I guess I am looking at this from a naive qualitative point of view; I was thinking about applying it to human societies specifically (so I would quantify things like "Energy use from natural resources" then at time T when certain conditions are met, this function would introduce a new dimension for the "Energy use from natural resources" then...I suppose I would need a function to create functions...).

As you can see, if you are a programmer, this is very easily programmable. However, from the more mathematical perspective, I have no clue how to approach this.

For me this is uncharted mathematical waters...

 

[Hurkyl]

What's wrong with simply fixing "energy use from natural resources" to be zero until it's "unlocked"?

Are you trying to get the math to act similar to what your program is doing? Then why not try and do a direct translation? E.G. you could define a set whose contents are the possible assignments to all of your variables!

 

[Dragonfall]

A very natural example of a function f:R^2->R^3 is the parameterization of a surface in 3D. i.e.

http://mathworld.wolfram.com/SurfaceParameterization.html

 

[Loud Red]

What's wrong with simply fixing "energy use from natural resources" to be zero until it's "unlocked"?

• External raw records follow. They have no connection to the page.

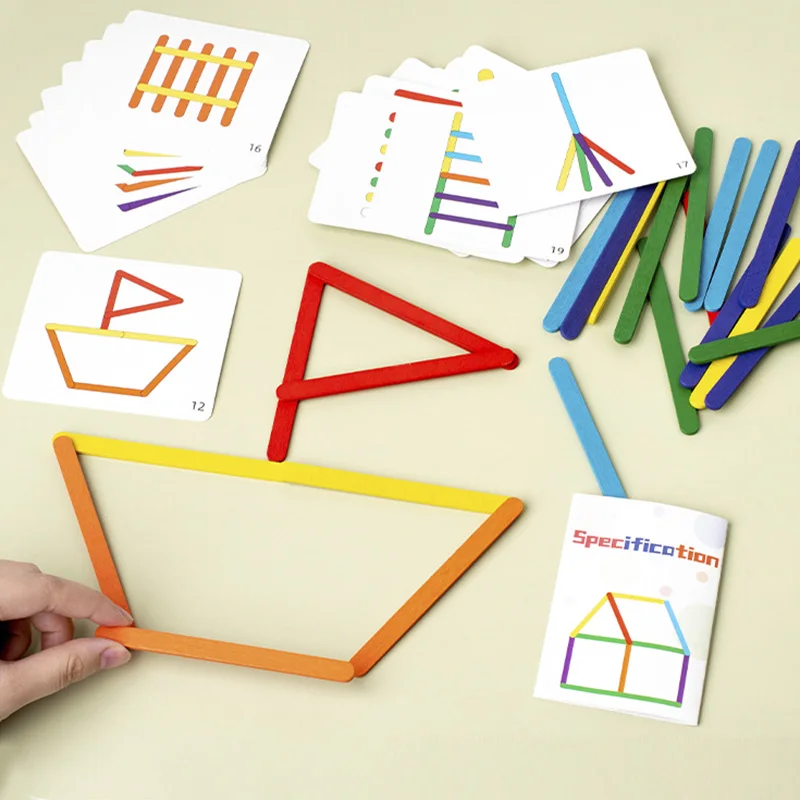 Wooden DIY Ice Cream Stick Puzzle Children's Rainbow Stick Thinking Puzzle Challenge Table Games Kids Montessori Educational Toy 3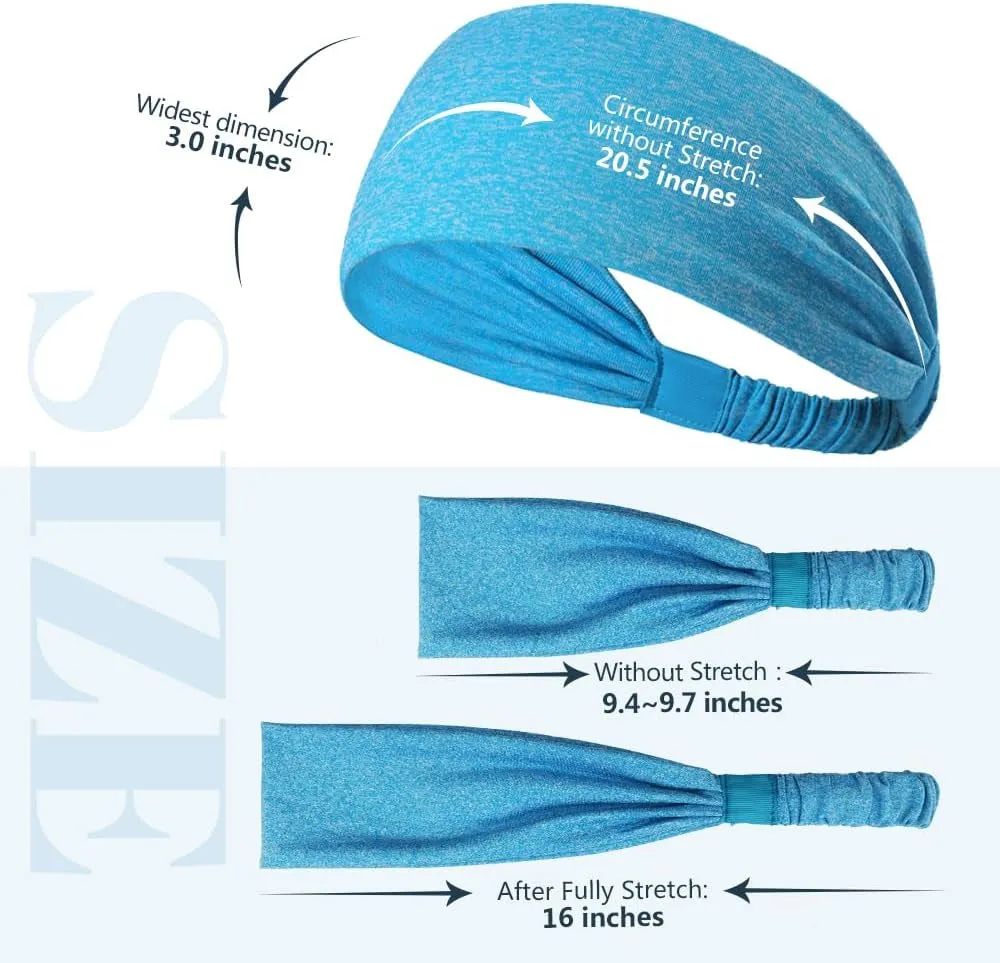 Headbands for Women’s Hair, Sports Headband, Running Headband for Women, Head Bands Adult Women, 6 PCS
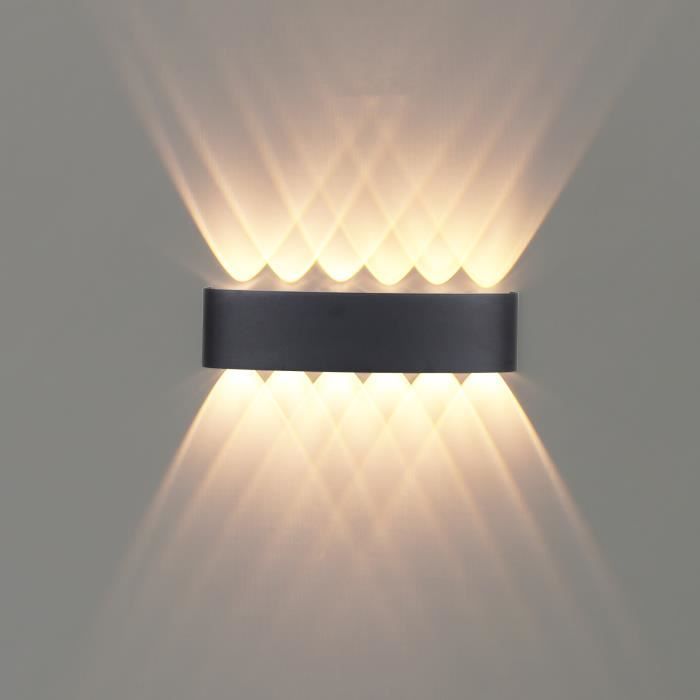 Applique Murale Intérieure LED Moderne Noire 12W Zaku Lampe en Aluminium Up Down Spot Lumière Nuit Luminaire Blanc Chaud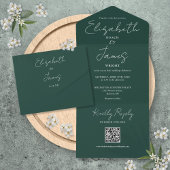 Invitation Tout En Un Emerald Green Elegant Script QR Code Mariage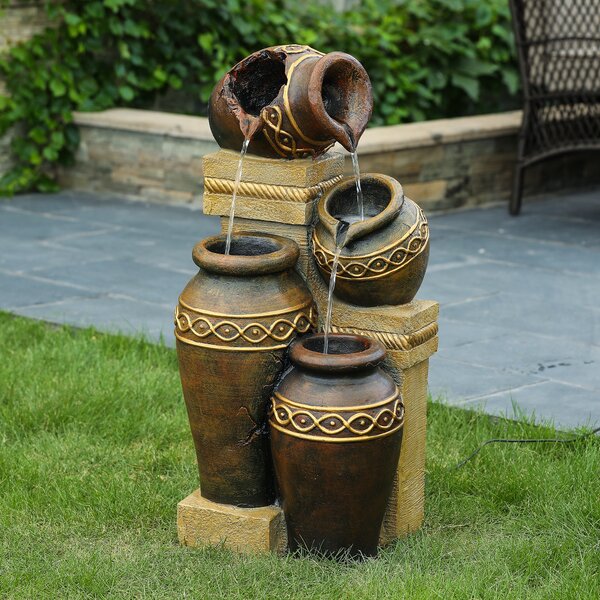 Roma Resin Tiered Urns Patio Fountain 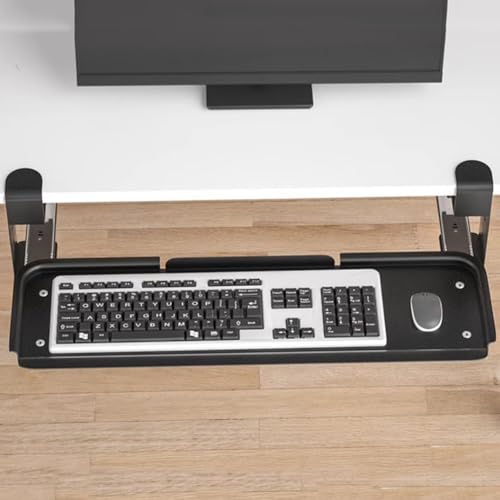 Tastaturablage mit Klemme – unter dem Schreibtisch verschiebbare Stahltastatur und Maus – einfache Installation für Home Office & Gaming Setup Bild 2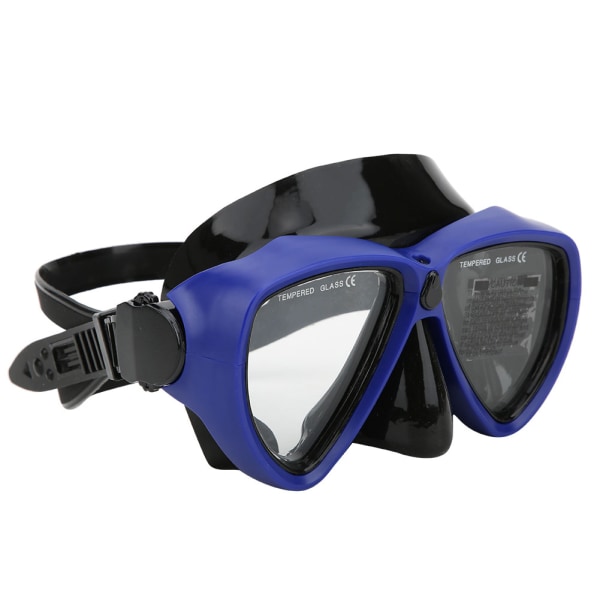 Voksne dykkerbriller svømming dykking snorkelutstyr anti-tåke undervannsbriller blå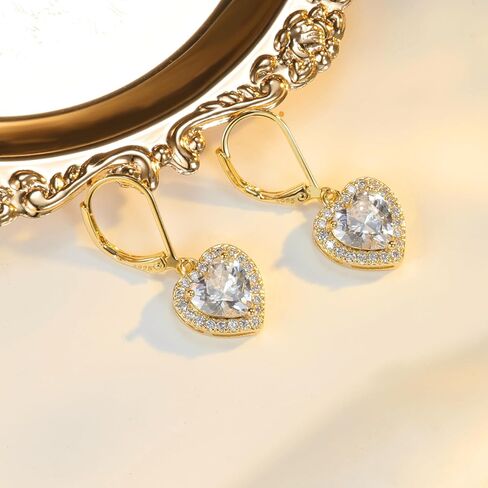 925 sterling Silver 14k Mold Plated Heart Dangle ، Alexcraft Droping Drop repring for Endery Leverback Elings cubic Zirconia hypoallergenic in Saudi Arabia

Are you trying to get the math to act similar to what your program is doing? Then why not try and do a direct translation? E.G. you could define a set whose contents are the possible assignments to all of your variables!

Well, the problem is that when certain conditions are met, the model is supposed to create new things; so for example, there is a generic variable "capital" which is used to make commodities.

But capital changes with respect to technology. But technological change is discrete change, not continuous change.

For every discrete change in technology, which allows a new capital commodity to be formed, I want to represent this new capital commodity by a new variable (say $$c_{m}$$ or whatever).

To shake things up even further, there is a large class of capital commodities (so I would have a matrix $$c_{mn}$$ for each type of commodity and its technological state).

New classes of capital commodities arrive when certain conditions are met (e.g. oil refineries could be considered "one" capital commodity but they didn't exist until oil was being used). And I don't really have too much control over when something is discovered...but I would like to test what conditions make it so.

I suppose this would be "beyond" the scope of mathematics, just a little maybe.

 

[arildno]

Why can't functions be discontinuous?